Les prix de l’huile de palme connaissent un rebond marqué sur les marchés internationaux, après avoir terminé l’année 2025 en repli. Ce lundi 9 mars, les contrats à terme pour livraison en mai, négociés sur le Bursa Malaysia Derivatives Exchange, ont grimpé de 9 % à l’ouverture pour atteindre 4.774 ringitts la tonne, soit l’équivalent de 1.204 dollars. Le renchérissement enregistré constitue la plus forte progression journalière observée depuis trois ans. Elle fait suite à une augmentation de 3,7 % enregistrée dès le vendredi précédent, au moment où l’escalade militaire entre l’Iran, Israël et les États-Unis s’intensifiait.
La crise géopolitique, qui dure maintenant depuis dix jours, a entraîné la fermeture du détroit d’Ormuz, un passage stratégique pour le transport du pétrole. Par conséquent, le baril de brut a franchi ce lundi la barre des 100 dollars. Qui plus est, plusieurs producteurs majeurs comme l’Irak et le Koweït ont annoncé une réduction de leur offre en raison du remplissage rapide de leurs installations de stockage. Or, lorsque les prix du pétrole s’envolent, l’utilisation de l’huile de palme comme matière première pour la production de biodiesel devient plus compétitive par rapport au carburant classique issu du brut.
Par ailleurs, l’écart de prix entre l’huile de palme et le gasoil s’est considérablement réduit. Selon les données rapportées par le cabinet d’analyse Platts, ce spread n’était plus que de 177,96 dollars la tonne le vendredi 6 mars, soit 44 % de moins qu’un an plus tôt. En 2025, en moyenne, cette différence tournait autour de 328,45 dollars par tonne, un écart beaucoup plus large qui rendait l’oléagineuse moins attrayante pour les producteurs de biocarburants.

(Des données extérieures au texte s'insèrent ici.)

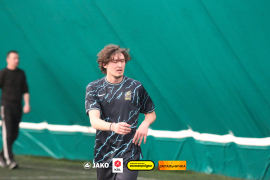 <a href="https://st.getinfootball.com/albums/1101392/69f9e9e63c112_1920.jpg" target="_blank">Завантажити оригінал</a>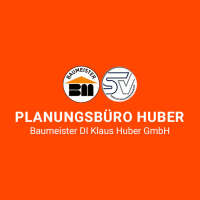 Fernwärme-planungsbüro huber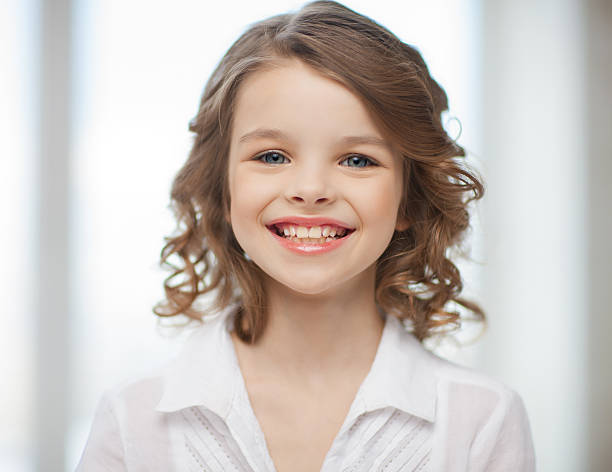 istock girl at home 178486081
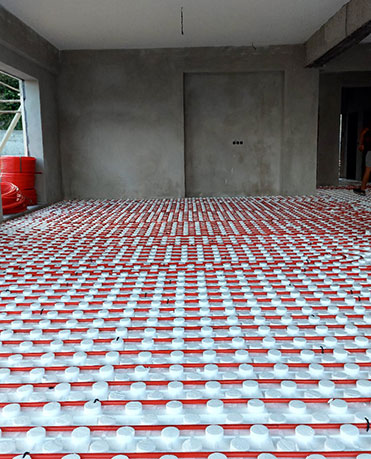 Düzce Sıhhi Tesisat - Düzce Su Tesisatı - Düzce Tıkanık Açma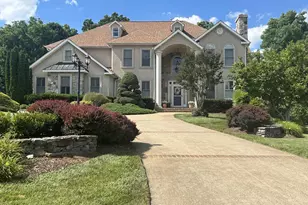 1022 Heth Pl, Winchester, VA 22601 - Photo 1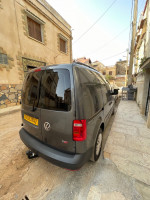 voitures-volkswagen-caddy-2018-combi-hadjout-tipaza-algerie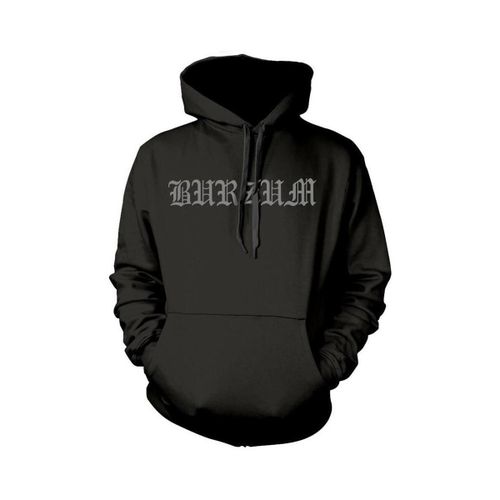 Sweat-shirt Det Som Engang Var 2013 - Burzum - Modalova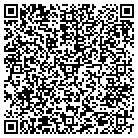 QR code with Ladyslipper Landscape & Design contacts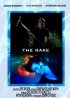 Постер «The Rake»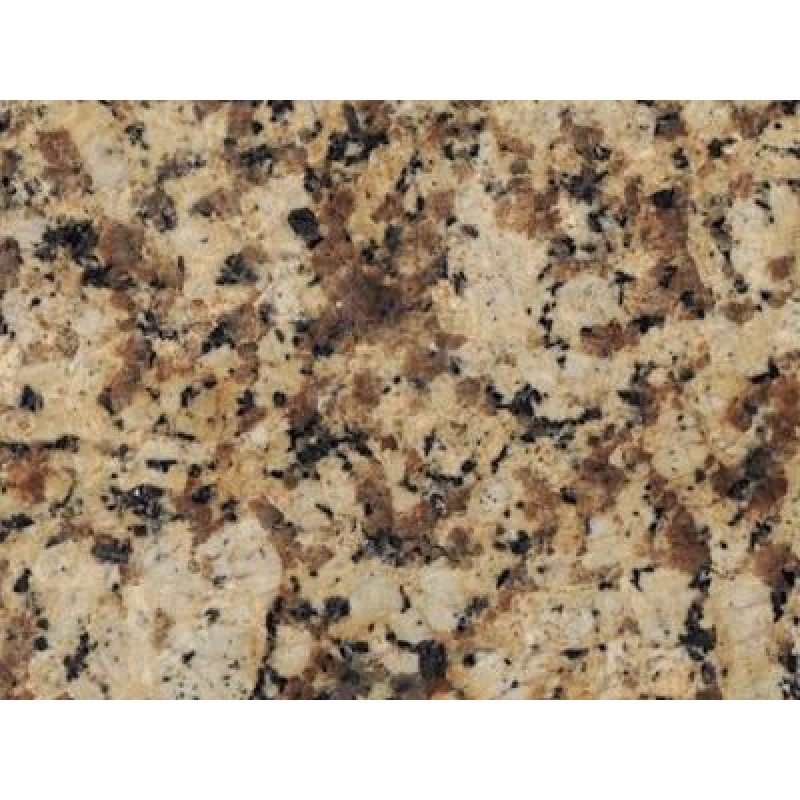  Italy  Spain Dorado Perla Granite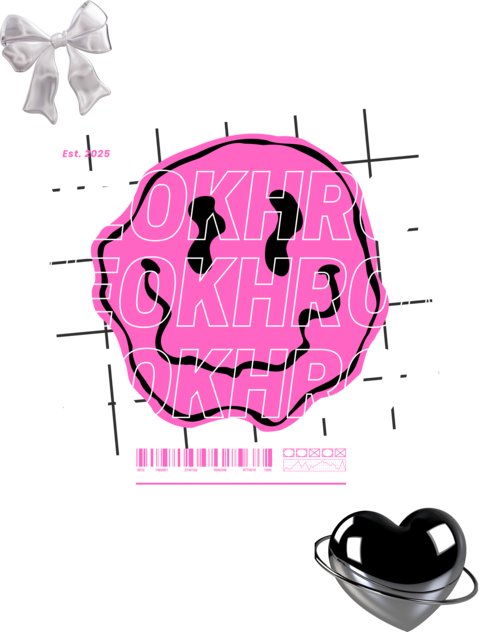 NEOKHRM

Cette flambée des cours contraste avec la tendance observée en 2025. Les prix de l’huile de palme avaient en effet perdu 9 % sur le Bursa Malaysia Derivatives Exchange, clôturant l’année à 4.050 ringitts la tonne, après avoir pourtant terminé 2024 sur un gain de 20 %. Le marché nourrissait des espoirs de reprise, portés par l’anticipation d’un renforcement de l’usage des biocarburants en Indonésie. Mais ces attentes ont été déçues lorsque le gouvernement indonésien a abandonné ses projets de mise en œuvre obligatoire du grade B50 pour le diesel à base d’huile de palme, invoquant des problèmes techniques et de financement. À la place, Jakarta a confirmé le maintien du mandat B40, qui utilise un mélange composé de 40 % de biodiesel issu de l’huile de palme.
D’autre part, la donne s’est encore compliquée depuis le 1er mars. L’Indonésie a relevé le montant de la taxe et de la redevance à l’exportation sur la tonne d’huile de palme, le faisant passer de 165,85 à 241,36 dollars selon Platts. Par conséquent, cette hausse des coûts à l’exportation pourrait pousser les acteurs locaux à rediriger les volumes vers le marché domestique, que ce soit pour le raffinage ou la production de biodiesel, réduisant d’autant les quantités disponibles pour les acheteurs étrangers.
Par ailleurs, les analystes scrutent désormais l’évolution des importations indiennes. Le pays le plus peuplé du monde a vu ses achats de la part des raffineurs augmenter de 10,1 % en février, atteignant 844.000 tonnes, soit un niveau record depuis six mois. En plus de cette hausse, la vigueur actuelle des cours pourrait toutefois émousser la demande à l’avenir. En effet, si les prix continuent de grimper, l’attrait pour l’huile de palme pourrait diminuer au profit de son principal concurrent, l’huile de soja. Cette dernière pourrait voir ses exportations soutenues par l’abondance de l’offre mondiale, offrant ainsi une alternative aux acheteurs sensibles aux variations des prix. La suite de l’année dépendra donc en grande partie de l’évolution du conflit au Moyen-Orient et de sa capacité à maintenir les cours du brut à des niveaux élevés.